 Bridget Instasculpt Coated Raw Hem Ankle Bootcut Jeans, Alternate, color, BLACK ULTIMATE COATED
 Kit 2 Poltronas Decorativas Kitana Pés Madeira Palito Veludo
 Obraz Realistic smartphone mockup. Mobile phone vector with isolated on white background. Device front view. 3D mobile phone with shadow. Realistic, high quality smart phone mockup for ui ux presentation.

---

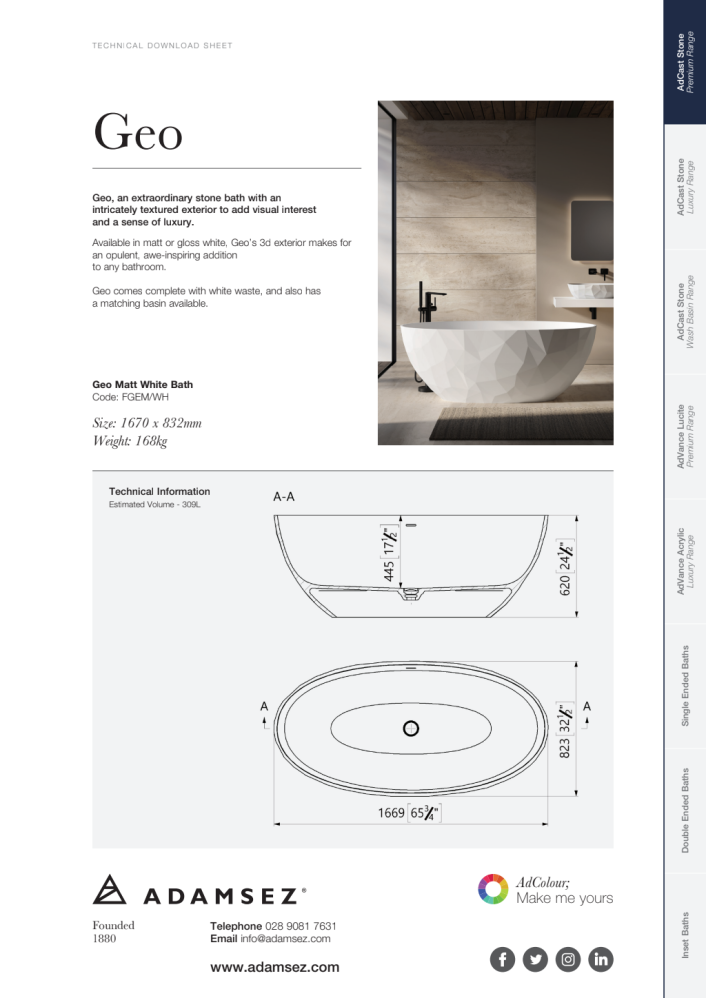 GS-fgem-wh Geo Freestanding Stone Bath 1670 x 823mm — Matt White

EXERCISE — Which lines above run from the one containing "Kit 2 Poltronas" down to the one containing "Obraz Realistic smartphone"? Repeat exactly those, both ends included, and nothing else.

PROBLEM SOLUTION —
 Kit 2 Poltronas Decorativas Kitana Pés Madeira Palito Veludo
 Obraz Realistic smartphone mockup. Mobile phone vector with isolated on white background. Device front view. 3D mobile phone with shadow. Realistic, high quality smart phone mockup for ui ux presentation.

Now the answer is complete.